The US, the penholder on Afghanistan sanctions, circulated a first draft of the resolution on 10 December. After receiving input from Council members, the penholder placed the draft under silence on Tuesday (14 December), which was broken that same day. A revised draft was then placed in blue on Wednesday (15 December).
It seems that most of the discussion during the negotiations centred on proposed new language in the preambular paragraphs. This was also the case during the negotiations on resolution 2557. The penholder apparently included language in the zero draft that called on all parties to allow unhindered access for UN staff and other humanitarian actors, including female staff, to facilitate the delivery of humanitarian assistance to all those in need. Other new language encouraged the establishment of an inclusive government in Afghanistan, including the full and meaningful participation of women. Although these proposals were supported by several Council members—including European members of the Council—they were ultimately not incorporated in the draft resolution in blue. It seems that other members preferred that the draft resolution adhere closely to the substance of resolution 2557, with minimal changes to the text.

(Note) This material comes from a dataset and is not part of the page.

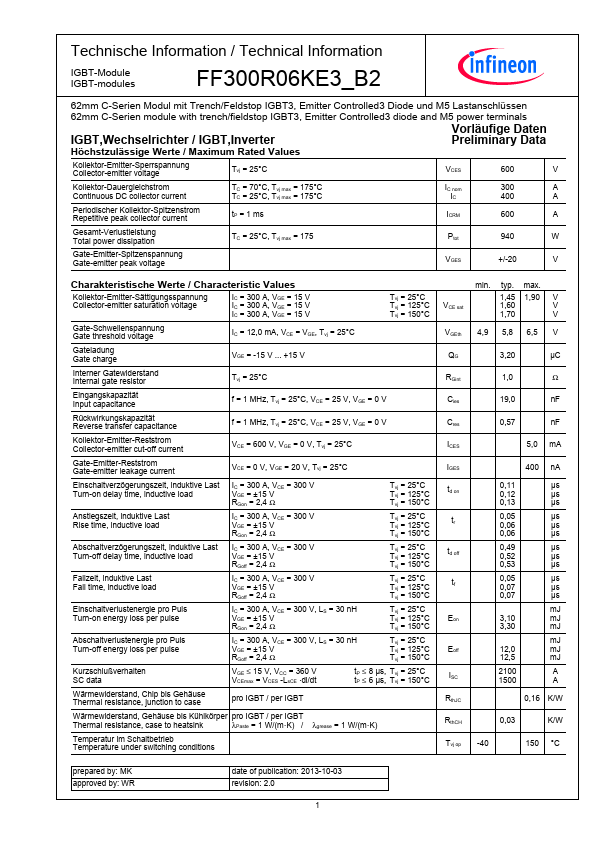 <?=FF300R06KE3_B2?> डेटा पत्रक पीडीएफ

A new element that was retained in the draft resolution in blue is language on human rights and the protection of civilians. This provision, which was supported by several members, reaffirms “the importance of upholding human rights including those of women, children and members of vulnerable populations and minorities”. The draft text in blue also emphasises that all parties “must respect their obligations under international humanitarian law in all circumstances, including those related to the protection of civilians”.
It seems that references to the Taliban were a divisive area of discussion during the negotiations. The zero draft of the resolution apparently included language from resolution 2557 which expressed concern regarding violent activities by the Taliban and associated groups, including the Haqqani Network, and ongoing terrorist activities by Al-Qaida, the Islamic State in Iraq and the Levant (ISIL/Da’esh), and their affiliates in Afghanistan. However, some members—including China and Russia—apparently wanted these references to the Taliban and associated groups removed from the text. Although other members, such as France and India, wanted these references to remain in the resolution, they were ultimately not retained in the draft text in blue.
*Post-script: On 17 December 2021, the Security Council unanimously adopted resolution 2611, renewing the mandate of the Monitoring Team supporting the 1988 Afghanistan Sanctions Committee for a period of one year.